Thrombosis is currently the focus of major clinical trials in cardiovascular disease, with exciting developments in new oral anticoagulants, particularly for stroke prevention in AF and prophylaxis or treatment of venous thromboembolism Citation[13,14]. Nonetheless, the recent trials at AHA raise yet more questions. In ATLAS–TIMI 51, rivaroxaban was administered at a dose lower than the AF thromboprophylaxis regimen, and as a twice-daily regimen. The impact of rivaroxaban in ACS, where treatment was additive to aspirin plus clopidogrel, is uncertain, given that newer and more potent alternatives to clopidogrel, such as prasugrel and ticagrelor, may become the treatment of choice. Also, despite the impressive and safe results for apixaban in its trials of stroke prevention for AF, the data in ADOPT were less impressive, as were the results of APPRAISE-2, where apixaban 5 mg b.i.d. added to aspirin plus clopidogrel (as ‘triple therapy’) did not show benefit but potentially caused harm Citation[15]. This is highly relevant since some patients with AF may present with an ACS, necessitating a period of triple therapy, prior to an anticoagulant plus a single antiplatelet drug, followed by oral anticoagulant monotherapy in patients with stable vascular disease Citation[16–18].

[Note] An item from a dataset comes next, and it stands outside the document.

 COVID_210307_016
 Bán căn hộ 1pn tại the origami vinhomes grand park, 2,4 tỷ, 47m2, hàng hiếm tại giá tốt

Financial & competing interests disclosure

GYH Lip has served as a consultant for Bayer, Astellas, Merck, AstraZeneca, sanofi-aventis, BMS/Pfizer, Daiichi-Sankyo, Biotronik, Portola and Boehringer Ingelheim, and has been on the speakers bureau for Bayer, BMS/Pfizer, Boehringer Ingelheim and sanofi-aventis. The authors have no other relevant affiliations or financial involvement with any organization or entity with a financial interest in or financial conflict with the subject matter or materials discussed in the manuscript apart from those disclosed.

No writing assistance was utilized in the production of this manuscript.